Themen / Rechtspolitik

Bürger­rechtler warnen vor Rechts­schutz­ver­kür­zung

08. August 2000

Humanistische Union zur ZPO-Novelle

Als unnötige Rechtsverkürzung kritisiert die HUMANISTISCHE UNION (HU) Pläne des Justizministeriums zur Änderung der Zivilprozessordnung (ZPO). Nachdem ein erster Entwurf zurückgezogen und nachgebessert werden musste, stößt auch der nun vom Ministerium vorgelegte zweite Entwurf auf breite Kritik.

Deutschlands älteste Bürgerrechtsorganisation lehnt auch diesen zweiten Entwurf als rechtsstaatlich bedenklich ab. Auch dieser Entwurf drohe als formalistischer Etikettenschwindel mehr zu schaden als zu nützen. Eine klare inhaltliche Linie sei darin ohnehin nicht mehr erkennbar. Besonders kritisieren die Bürgerrechtler die Absicht der rot-grünen Bundesregierung, die – auch unter dem Gesichtspunkt von Kosten-einsparungen völlig ineffektive – Reform als „bürgerfreundlich“ verkaufen zu wollen. Die vorgesehenen Rationalisierungsmaßnahmen führten vielmehr zu unkontrollierbaren Rechtsschutzverkürzungen für die Bürger.

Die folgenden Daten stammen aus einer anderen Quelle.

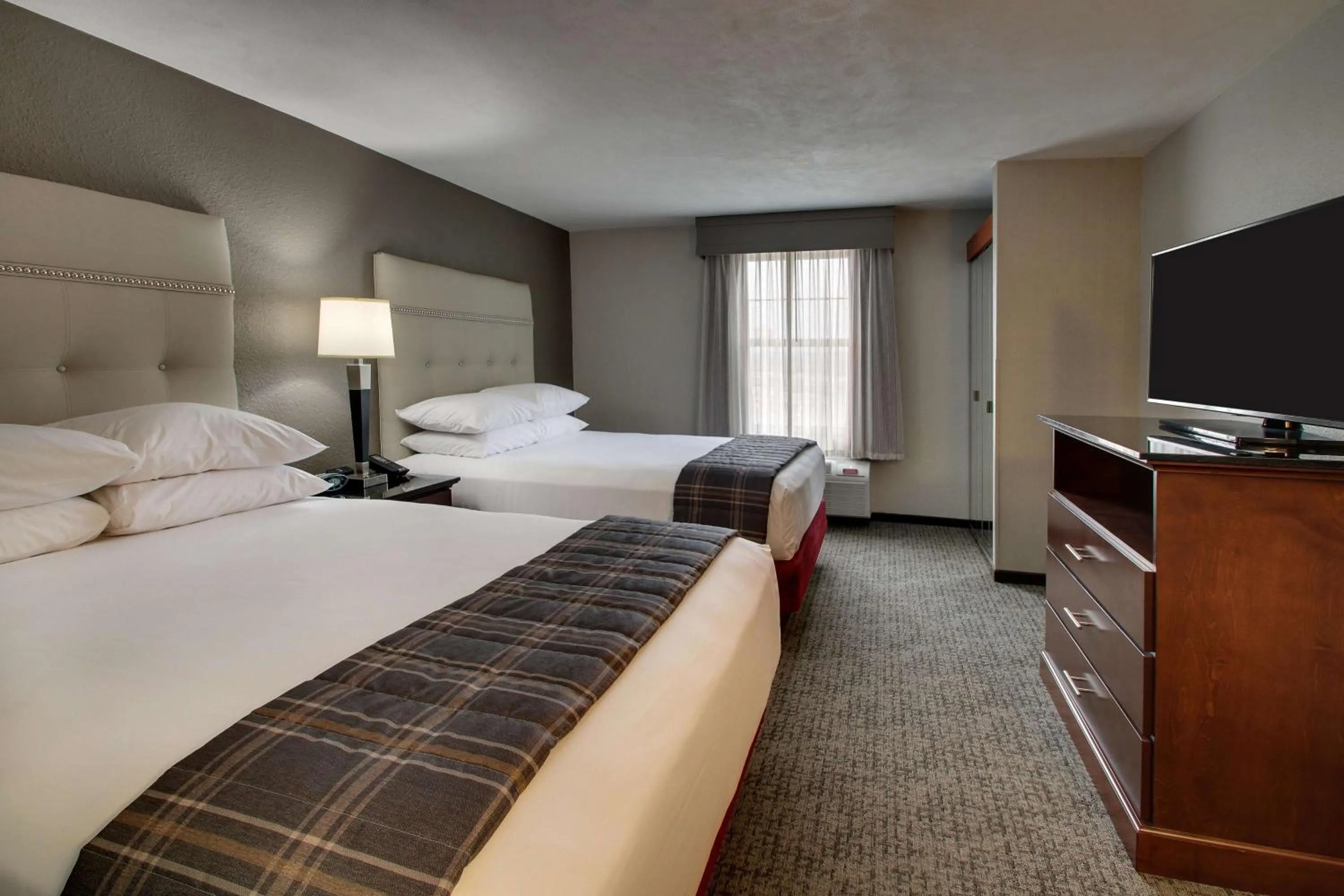 Photo of the whole room, Bed in Drury Inn & Suites San Antonio Northwest Medical Center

Die nach wie vor drohende Abschaffung einer Überprüfung von Tatsachen durch eine Berufungsinstanz erlaube keine Korrektur von fehlerhafter Sachverhaltsermittlungen in der ersten Instanz.
Die geplante Konzentration aller Berufungsverfahren bei den Oberlandesgerichten bedeute für viele Bürger in Flächenstaaten schlicht nur längere Anfahrtswege.

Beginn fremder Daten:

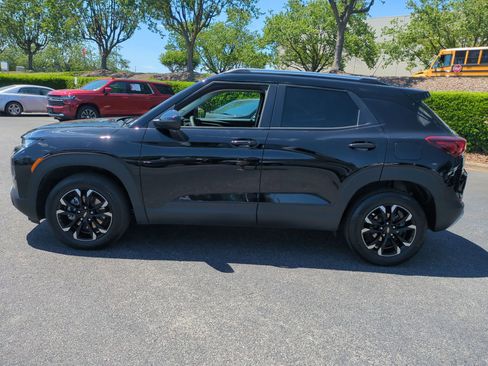 Used 2023 Chevrolet TrailBlazer LT w/ Convenience Package AWD/4WD image 7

Ein Verfahren in fremder Umgebung aber erhöhe nur Kosten und die ohnehin schon bestehenden Ängste und Ohnmachtsgefühle der Bürger vor einer oft intransparenten Justizbürokratie.
Wenn jetzt am Landgericht nur noch ein einziger – fehlbarer – Richter urteilen soll, wo früher drei Richter beteiligt waren, drohe die Chance auf ein richtiges Urteil weiter zu schwinden. Erst recht aber gelte das für den geplanten regelmäßigen Einsatz von Einzelrichtern in der zweiten Instanz (Berufungsinstanz). Wenn nicht einmal mehr dort ein Gremium mehrerer Richter über einen Fall berät, sei der Unterschied zur ersten Instanz für die Bürger nicht mehr erkennbar und die Akzeptanz der Entscheidungen durch die Betroffenen gefährdet.

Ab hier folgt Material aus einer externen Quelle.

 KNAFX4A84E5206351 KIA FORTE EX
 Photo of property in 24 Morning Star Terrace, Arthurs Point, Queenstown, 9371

Die Absicht der rot-grünen Koalition, den Rechtsschutz der Bürger zu verbessern, gehe auch beim Zugang zum höchsten deutschen Zivilgericht (BGH) „nach hinten los“. Zwar sei für den Zugang zum BGH nicht mehr die Höhe der Streitsumme maßgeblich; im Ergebnis liegt darin nach Auffassung der HU jedoch keine Verbesserung für die Bürger, weil dort gleichzeitig nur noch „Sachen von grundsätzlicher Bedeutung“ behandelt werden sollen. Ein schlicht rechtlich falsches Urteil soll nicht mehr vom BGH aufgehoben werden können.

Damit werde die Einzelfallgerechtigkeit formaljuristischen und abstrakten Zugangs-voraussetzungen geopfert und die dritte Instanz dient nicht mehr dem prozessierenden und um Gerechtigkeit kämpfenden Bürger, sondern dieser wird lediglich zum Instrument einer abstrakten Rechtsfortbildung.

Die Bürgerrechtsvereinigung sieht das Ziel größerer Bürgernähe und der Transparenz von Gerichtsverfahren in diesem Gesetzentwurf nicht verwirklicht. Die HU fordert deshalb, lieber keine Änderung durchzuführen als diese, da sie den Namen „Reform“ nicht verdiene.